The National Shooting Sports Foundation instituted Project ChildSafe in 1999, which has since partnered with thousands of law enforcement agencies to distribute more than 37 million firearm safety kits to gun owners in all 50 states and five U.S. territories. Safety kits include a cable-style gun lock and safety instructions that allow gun owners to property secure their firearms even if they can’t afford a large gun safe.
Gun manufacturers have joined the movement as well, and since 1998 they’ve included with firearm purchases more than 70 million free gun locks worth over $140 million.
Firearms manufacturers, owners, and advocacy groups have, in short, put their money where their mouth is. Unlike the anti-gun lobby, the firearms community has enabled gun owners to secure their firearms and prevent access by unauthorized persons, including children. NRA and NSSF members are happy to donate to organizations that encourage parents to practice safe gun storage, and there has been a 24 percent decline in fatal firearm accidents between 2006 and 2015.
If gun owners promote safe gun ownership and work to make it a reality, a gun control advocate might ask, why don’t they support laws that mandate safe storage?
The reasons are numerous, but many Americans would no doubt cite one of the primary motivations for owning a gun in the first place: self-reliance. Gun owners understand that a firearm enables independence from the state. With a firearm, a man or a woman can defend themselves and their families without relying on law enforcement, ensuring that they can manage any life-threatening situation the might arise.
Gun storage laws could jeopardize their ability to handle these situations effectively. As Gov. Greg Abbott pointed out, “If you hear someone breaking your glass or kicking in the door at night, you don’t have time to run and get the keys and unlock a vault device.” Quick access safes can provide a nice compromise, but not all gun owners have the means to purchase additional storage solutions. Sometimes, a loaded shotgun on the top shelf is the only thing standing between a law-abiding citizen and a criminal attacker.

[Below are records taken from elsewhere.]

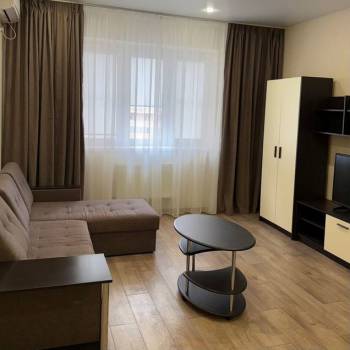 Сдается 1-комнатная квартира, 52 м²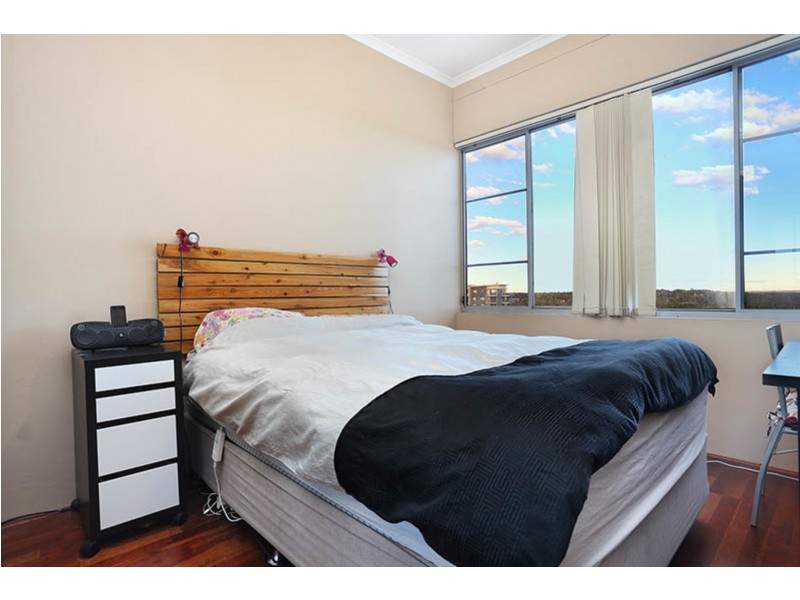 802/13  Spencer Street, Fairfield NSW 2165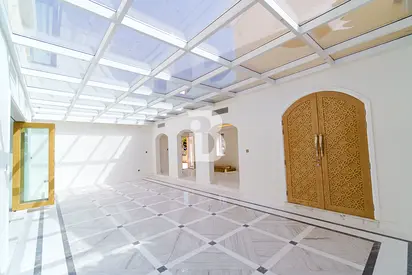 Unfurnished | Elegant | 4 Bedrooms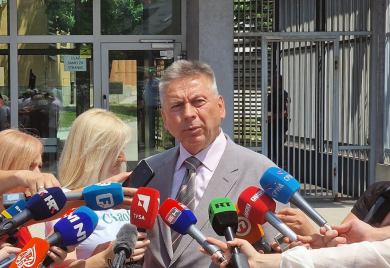 Odbrana Dodika traži izuzeće sudija, ročište odgođeno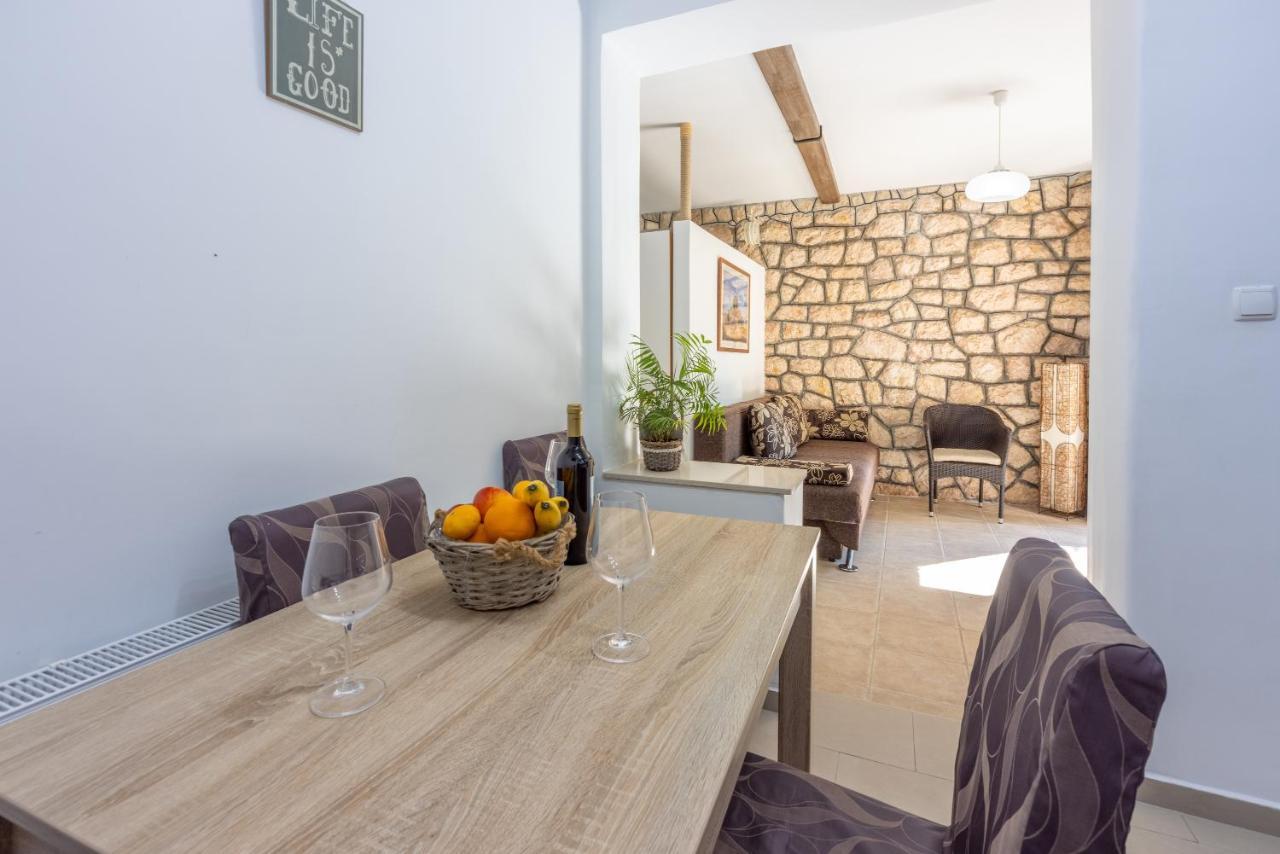 Apartmani Anita Dramalj Esterno foto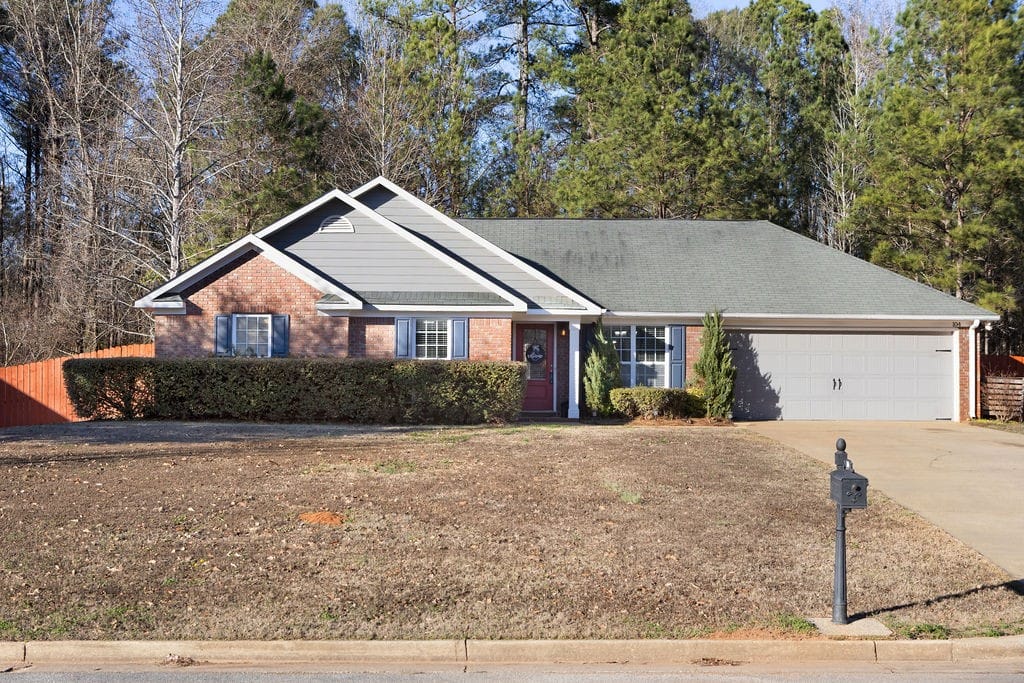 104 Oak Park Dr, Opelika, AL 36801, USA — Photo 1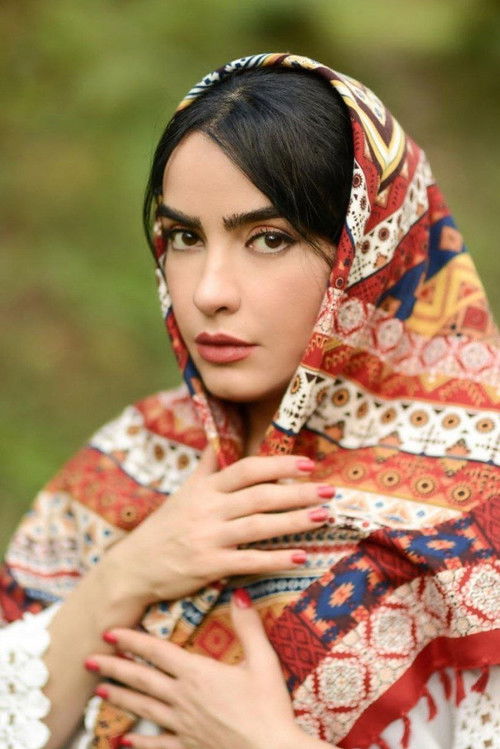 Bita Ahmadi as Setareh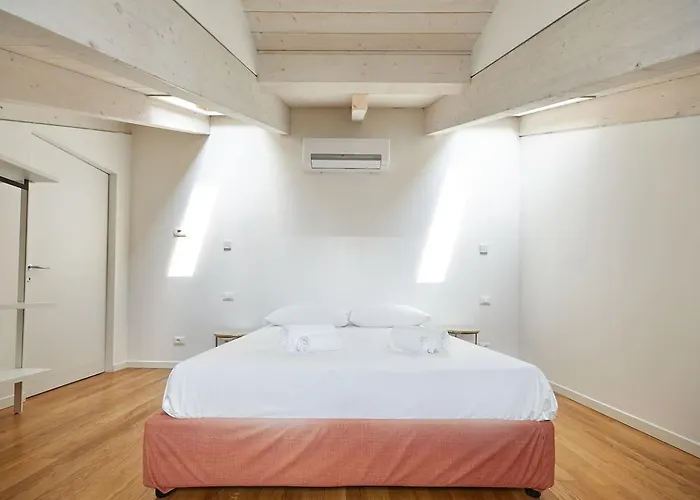 The Attic 18 * Mediolan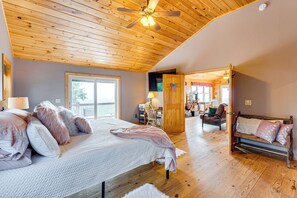 3 bedrooms, desk, iron/ironing board, WiFi - Mtn-View Cabin: Deck & Pets Welcome in Murphy (Murphy)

Americans since the founding, furthermore, have owned firearms to defend themselves when the government can’t, and this self-governing attitude continues to inform how many consider the role of the state. If something can be accomplished in the private sector, Americans are hesitant to give elected officials yet another avenue into their homes, lives, and gun safes. They’d rather fix societal ills by relying on themselves and their neighbors than bureaucrats and politicians.
Punishing parents for the actions of their teenage children directly contradicts this mindset because it empowers the state rather than the individual. It’s one thing to punish someone for leaving a loaded firearm in a room with toddlers. It’s quite another to allow, as Massachusetts does, a person to be fined and jailed if a police officer finds an unloaded shotgun hidden in a bedroom closet. Given the government’s tendency to expand its power, and gun control proponents near-insatiable desire to restrict gun rights, firearm owners can’t be blamed for suspecting that the first scenario might lead to the second.
If gun control proponents want to ensure safe gun storage practices are followed, they might find more success partnering with organizations that have a proven track record of promoting secure gun storage. If, on the other hand, they and their media outlets continue to push state control, malign the NSSF and the NRA, and attack gun owners, they’ll fail to enact the change they want in pro-gun states like Texas and Florida.
Both sides of this debate want to keep kids safe, properly secure firearms, and avoid another Santa Fe massacre, but only the pro-gun community has donated millions of dollars to the effort. If they really care about protecting kids, the anti-gun lobby should do the same.